Thursday, December 24, 2015
For those of you who have been the unwilling and/or unwitting recipients of this end-of-year epistle in the past, you know that you usually reach the end of reading it even more confused than when you began. It’s sort of like if you packed for a big trip while heavily medicated: once you’ve reached your destination, you open your suitcase to find that you’ve ONLY packed three different shoes (all for the left foot), an oven mitt, and the centerpiece from your dining room table; and your carry-on is full of nothing but chocolate chip cookie dough. Well, you’ve been warned – read on.

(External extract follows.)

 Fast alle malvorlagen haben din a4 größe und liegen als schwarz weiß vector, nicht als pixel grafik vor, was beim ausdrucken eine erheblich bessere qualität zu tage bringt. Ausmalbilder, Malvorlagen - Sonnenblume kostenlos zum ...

Sam has had four major events take place in his life this past year: (1) he finished his first year of high school back in May; (2) he made the honor roll both semesters in his freshman year; (3) he obtained his learner’s permit back in August; and (4) he has surpassed his old man in height. While the last item isn’t exactly something he had much “control” in accomplishing, we think it might be the one of which he’s most proud. (Not to steal his thunder, but it’s very possible that his father is shrinking – so he got some help on that one.) We had the chance to attend an awards ceremony for his honor roll accomplishment, and while we were beaming with pride to see our son being recognized for his hard work, we were also a bit surprised to learn that there are twelve different ways to spell “Courtney” – for both guys and girls, some of which defy all rules of phonics and cultural traditions.
Earlier this year, we were . . . shocked, frankly, to learn that not only did Jack get accepted to two colleges with great engineering programs but received a scholarship to one of them. A month or two later, he received his assignment to serve a two-year mission for our church in Iquitos, Peru. All of this was done BEFORE he had actually graduated from high school, which he did, fortunately. With his college options and scholarship deferred, Jack spent the summer getting himself ready to depart for Peru in August. Many of these preparations were arduous and exacting, which included going to the local doughnut shop and setting a record for the number of doughnut holes he could stuff in his mouth. (The number is 15 for those of you are up for a challenge.) One of the other things he had done to prepare himself was taking our Ford Ranger off a jump – he admitted this to us at the airport on the day of his departure. He’s now in Iquitos where it rains 10 feet/year, and he’s eaten grilled anteater. Send him an email at firstname.lastname@example.org.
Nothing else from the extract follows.